Of “groypers,” Fishback has called them "incredibly informed," "insightful," and "very patriotic". He has retweeted accounts that explicitly espouse white nationalism or have “groyper” in their usernames.
Read more: Byron Donalds continues fundraising domination in Florida governor's race
In March he appeared on a live conversation on X, previously known as Twitter, hosted by an account named “Greg the Groyper”.
Fishback has expressed opposition to U.S. aid and arms to Israel, a position that’s common on the left and not anti-semitic. Today, more young Americans are critical of Israel, which has killed 73,000 Palestinians since Oct. 7, 2023, when Hamas militants attacked Israel.
But some Fishback supporters hear his anti-Israel positions as anti-Jewish ones. Especially considering he has used terms criticized by Jewish groups as anti-semitic.
“If you wanted kids to fail, if you wanted to set our kids up for failure, you would feed them the absolute goyslop in our cafeterias,” he told a crowd at the University of Central Florida in April.
According to the ADL, “goyslop” is an allusion to an anti-semitic conspiracy theory that Jewish people control food production and purposely feed “goy” — a Yiddish word for a non-Jewish person — low quality food to keep them unhealthy and compliant.
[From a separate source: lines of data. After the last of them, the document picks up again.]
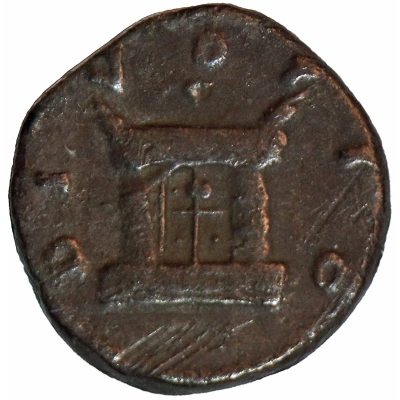 Denarius - Antoninus Pius Divus DIVO PIO back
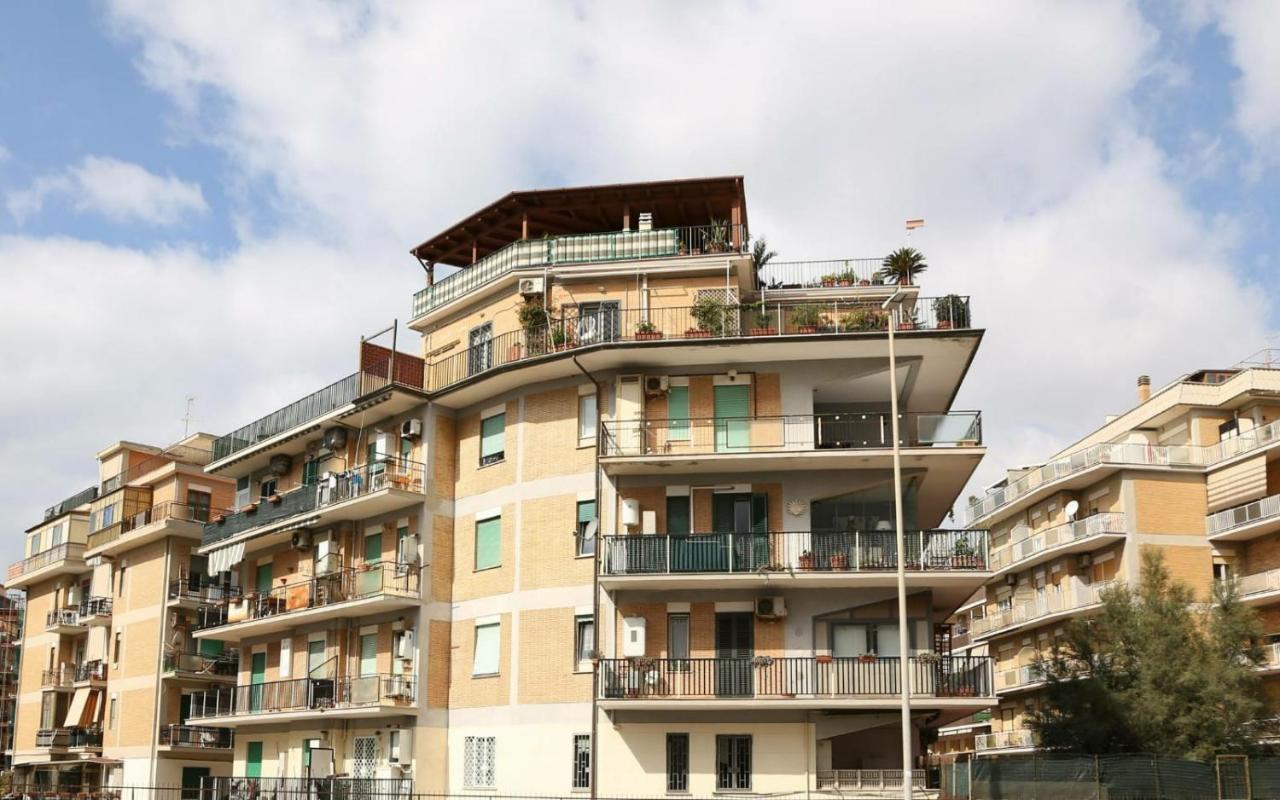 Superattico Apartment Lido di Ostia Luaran gambar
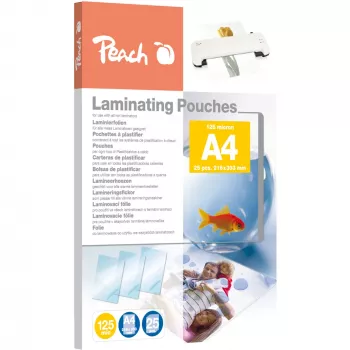 Peach PPR525-02 koszulki do laminatora 25 szt.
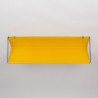 't Spectrum Mid-Century vintage yellow metal wall shelf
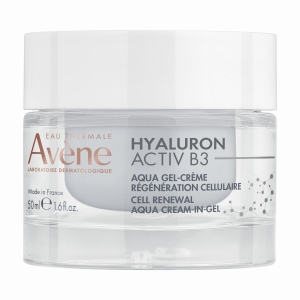 AVÈNE HYALURON ACTIV B3 Krem odbudowujący komórki AQUA-ŻEL - 50ml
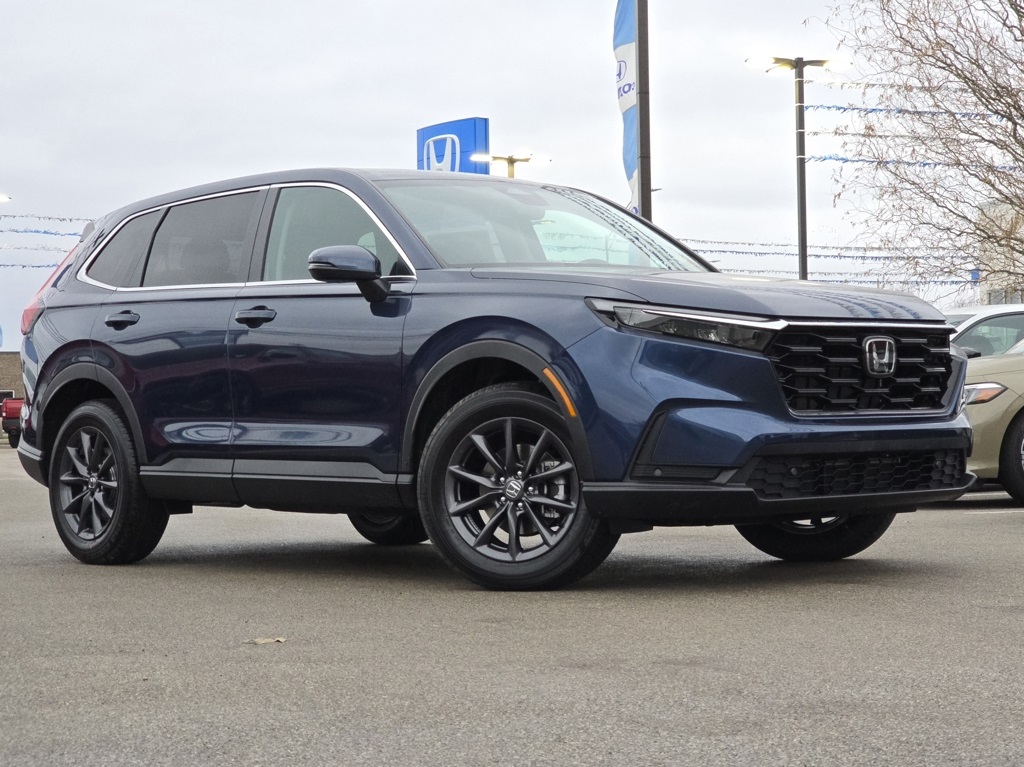 2026 Honda CR-V EX-L AWD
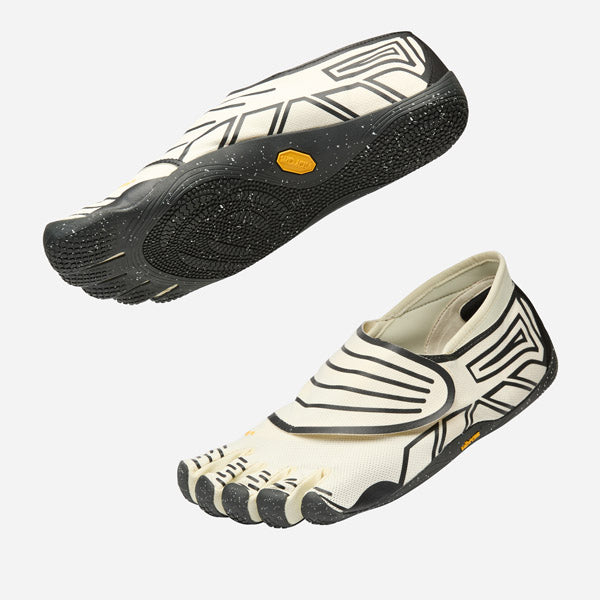 Vibram Fivefingers Groundsplay Ivory/Black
'Hearing more and more about him'
Young supporters of his might not know about, or even care, about the language he’s used.
The Fishback they know is the one they first heard about on Instagram Reels, railing against the establishment in campaign speeches — clipped for social media and promoted by his motivated online supporters.
Those interviewed by WLRN specifically mentioned Fishback proposals like paying young families to buy a home, cracking down on private equity firms that scoop up housing to rent them, restricting mass surveillance and banning artificial intelligence data centers.
One such supporter is Cade Mason, 21, from Lighthouse Point. He told WLRN at Fishback’s May rally in Tamarac that he’s feeling economic anxiety.
“ I was fired up (by) everything he was saying, especially about being able to buy property in the state of Florida,” Mason said. “'Cause, you know, like my parents did, (and) it's harder than ever now.”
Mason said he learned about Fishback through Reels.
Avi Zieper, 17, lives in Weston and came with his dad to the Tamarac rally because he wanted to be informed on all the candidates before voting for the first time in the fall.
Zieper said he leans left and is undecided, but liked that Fishback is candid about protecting the Everglades and housing for young people.
Fishback, he said, is speaking directly to young people, including his friends from high school.
“A lot of them are not so engaged, but a lot of them are hearing more and more about him on social media,” Zieper said. “While a lot of my friends aren't sure who they're gonna vote for yet, they definitely know who James Fishback is.”